WORK INSTRUCTION — Reproduce the listing exactly. Omit pictures.

DATA —
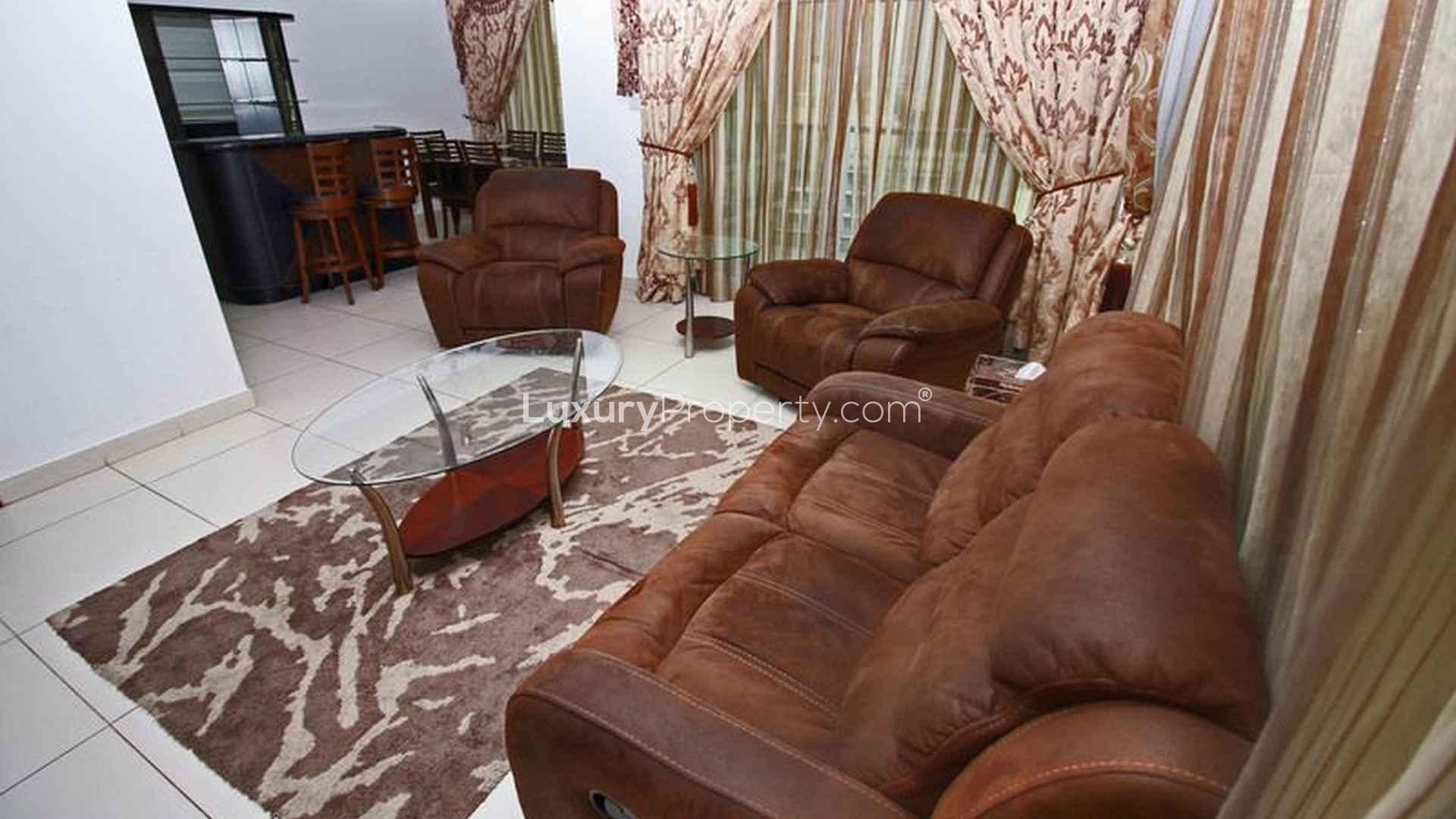 Elegant living room in 2-bedroom apartment, The Lofts, Downtown Dubai, featuring luxurious furnishings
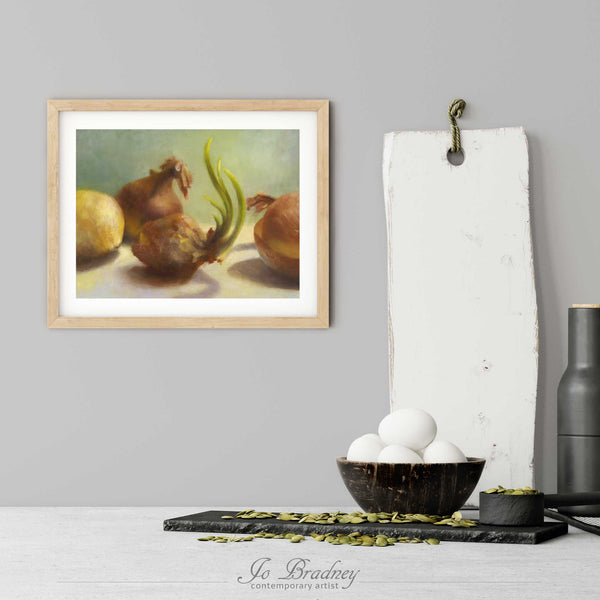 A green and yellow onion painting art print in a simple, elegant wood picture frame on a kitchen wall. There is a bowl of eggs, and a chopping board for scale. The print is 5 eggs tall. The smallest horizontal print is 4x6 inches, the largest is 11x14 inches.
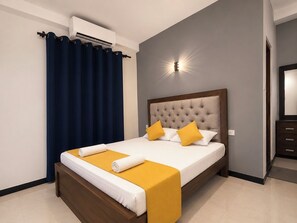 A hotel room with a bed, a nightstand, a mirror, and an air conditioning unit. - Hotel Dreamliners  (Seeduwa - Katunayake)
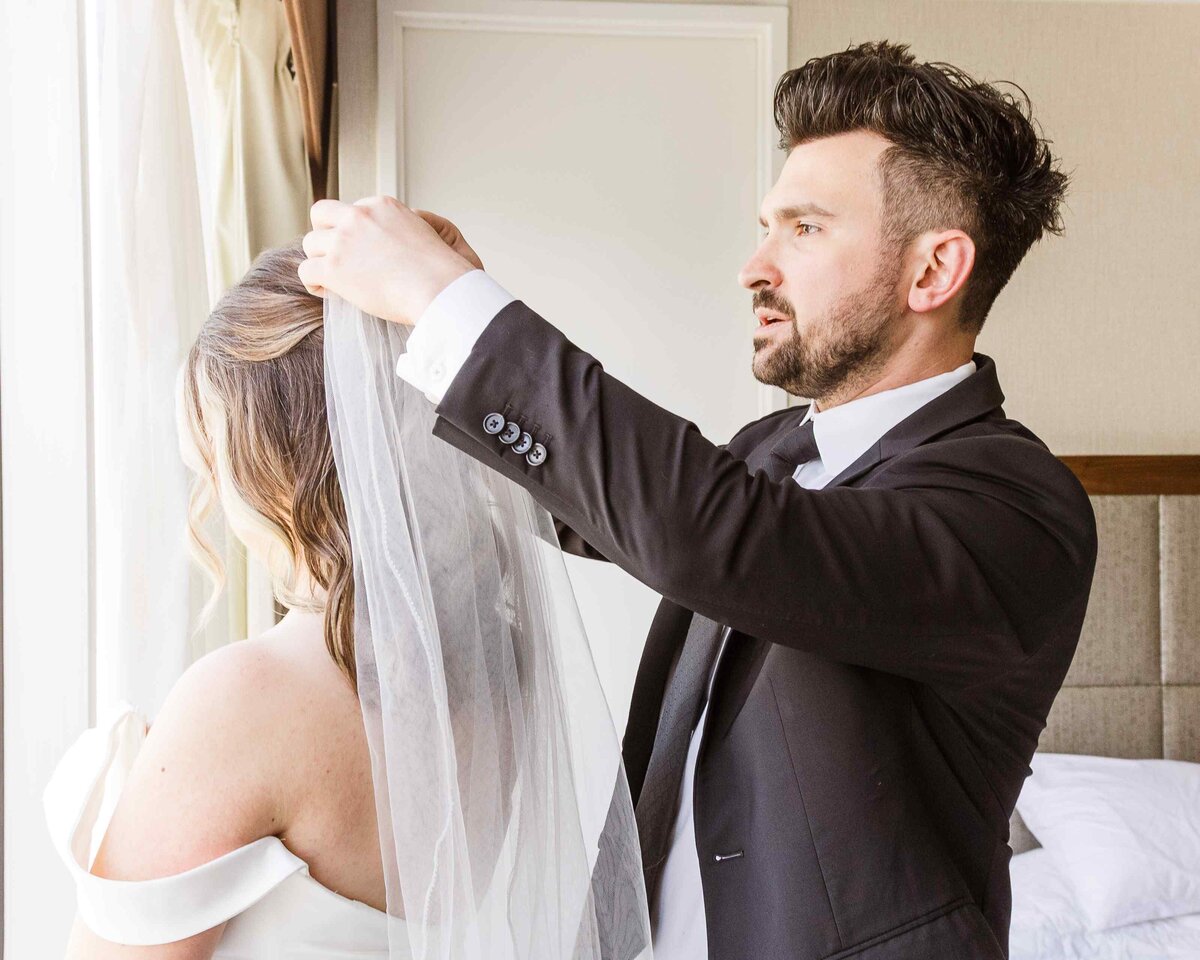 13-groom-adjusting-brides-veil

RESPONSE —
 Elegant living room in 2-bedroom apartment, The Lofts, Downtown Dubai, featuring luxurious furnishings
 A green and yellow onion painting art print in a simple, elegant wood picture frame on a kitchen wall. There is a bowl of eggs, and a chopping board for scale. The print is 5 eggs tall. The smallest horizontal print is 4x6 inches, the largest is 11x14 inches.
 A hotel room with a bed, a nightstand, a mirror, and an air conditioning unit. - Hotel Dreamliners  (Seeduwa - Katunayake)
 13-groom-adjusting-brides-veil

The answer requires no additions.